I’ve known Claudia Rankine’s name for years but, as a not reader of poetry, it’s always been a sort of back burner name for me. But every once in a while, I do decide to try some poetry (and have enjoyed collections from Joy Harjo and Jericho Brown, though I’d by no means consider myself a genre-convert or knowledgeable poetry reader). A few weeks ago, I checked this this one out to a patron at the library and that sort of inspired me to add myself to the holds list for when they brought it back. And, here we are, with my (maybe third ever?) poetry review.

Citizen: An American Lyric by Claudia Rankine

There’s not really a “plot summary” or other type of synopsis to give here, like I do with fiction/nonfiction, so I guess I’ll just jump right into the review? This is a fascinating piece of nonfiction, a sort of combination or lyrical essays and more “traditional” poetry, alternating back and forth and sort of interspersed. It is, in that stylistic sense, truly unlike anything else I’ve ever read before. I also have to say that I’m glad I didn’t try to read this earlier. This is the type of poetry that I think is less accessible, or feels less accessible to people; or to not speak for others, this is the type of poetry that intimidates me as a reader. The pieces that leant more towards essay, but with a very rhythmical type writing to it, were fine. I felt like I “got” them. But the parts with a more traditional poetry presentation, short lines and broken sentences and advanced wordplay and aesthetic structure, those parts did make me react like…like I wasn’t smart enough to understand them. (The same goes, for me, very much, for the majority of the art that is interspersed throughout. But the visual dimension was interesting and unique, regardless of my personal “understanding.”) And I had to work hard within myself to read through that feeling, to accept the feeling, the message, behind the words, even if individually I didn’t necessarily follow them all. So, the reason I’m glad I waited to read Rankine, to read a collection like this, is because I needed to be objectively confident enough of myself as a reader to respect that the point is not for me to “get” everything, but to absorb and experience. And that’s growth I needed to make, a reflection on me and not the work itself, so I want to make that clear. But it is what it is, and I feel like it’s important to share, in case you too might be intimidated by poetry. I encourage you to go for it, to just keep reading, to just…sense…this work.

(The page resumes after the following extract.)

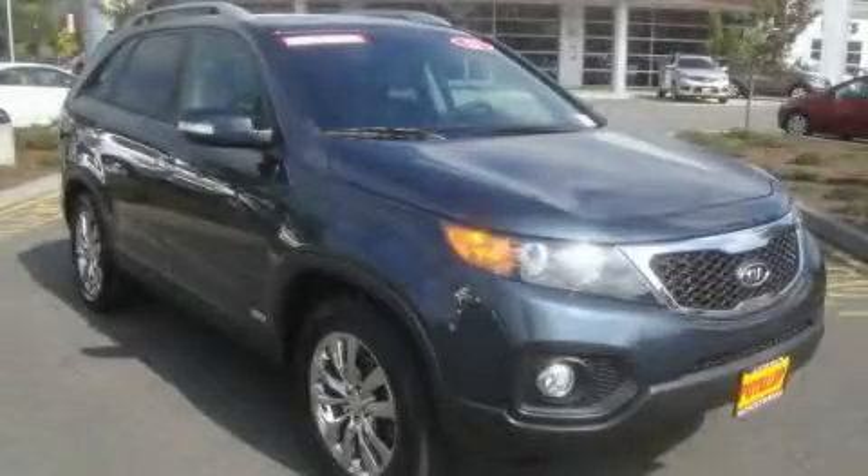This is a brand new 2011 Kia Sorento. Safety, space, and comfort.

As for the topical aspects, phew. This is a heavy collection. Rankine looks at and dissects lived racism with a hyper focus on lingual aggressions and microaggressions and the reality of living and internalizing them. From sports to media to law enforcement brutality to interpersonal interactions, Rankine’s words illustrate absolutely the individual weight of racism in America – the scars and injury and intergenerational trauma that are inevitable for each Black person in America, and the ways that, as “citizens,” they are forced to suppress reactions to that inescapable and constant burden. The whole volume really centers around this reality, but section vii in particular, highlighting the way our country criminalizes/marginalizes being Black from natural disaster to police brutality to even the places where Black is, outwardly, lauded (sports), is a gut punch of lived racism page after page and was particularly tough to read.

Rankine’s exploration and meditation on the person-less-ness and displacement of living in a situation where you feel, you know, the cumulative of historic and current racism, but must constantly question because of gaslighting about your own experiences, is intense. Although, as I said, there were a number of individual moments where I felt like the content, the details, went over my head, I cannot deny the feelings this collection left me with and that, I believe, is the power in poetry.  

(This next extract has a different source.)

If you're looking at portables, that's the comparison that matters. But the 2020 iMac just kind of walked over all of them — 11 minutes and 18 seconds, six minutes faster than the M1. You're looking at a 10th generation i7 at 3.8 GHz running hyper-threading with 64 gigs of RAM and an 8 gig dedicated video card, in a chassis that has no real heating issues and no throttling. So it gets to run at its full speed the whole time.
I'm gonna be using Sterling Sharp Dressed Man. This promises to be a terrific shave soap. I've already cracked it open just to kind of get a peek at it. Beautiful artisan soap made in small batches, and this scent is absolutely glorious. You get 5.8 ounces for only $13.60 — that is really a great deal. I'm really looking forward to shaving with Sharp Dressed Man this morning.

A lot of passages that hit hard while I read this one, so here’s just a couple:

“Perhaps this is how racism feels not matter the context – randomly the rules everyone else gets to play by no longer apply to you, and to call this out by calling out ‘I swear to God!’ is to be called insane, crass, crazy.”

“I do not always feel colored. I feel most colored when thrown against a sharp white background.”

“…just getting along shouldn’t be an ambition.”

“Forget all that, the world says. The world’s had a lot of practice.”

“The past is a life sentence, a blunt instrument aimed at tomorrow.”

“Appetite won’t attach you to anything no matter how depleted you feel.”

“because white men can’t / police their imagination / black men are dying”

“A feeling that feelings might be irrelevant if they point to one’s irrelevance pulls at you.”

“That time and that time and that time the outside blistered the inside of you, words outmaneuvered years, had you in a chokehold, every part roughed up, the eyes dripping. / That’s the bruise the ice in the heart was meant to ice. / To arrive like this every day for it to be like this to have so many memories and no other memory than these for as long as they can be remembered to remember this.”

3 thoughts on “Citizen: An American Lyric

  1. I’m glad you warned me about the advanced wordplay and stuff. I honestly rarely if ever read traditional poetry, so I think I’ll try something else first before I dive into this one.

    Liked by 1 person

    1. I definitely was intimidated. But I’m also really glad I read it and would encourage people to try it. Just…my advice would be to not get bogged down in the word to word specifics and focus instead on the whole and the messages that way.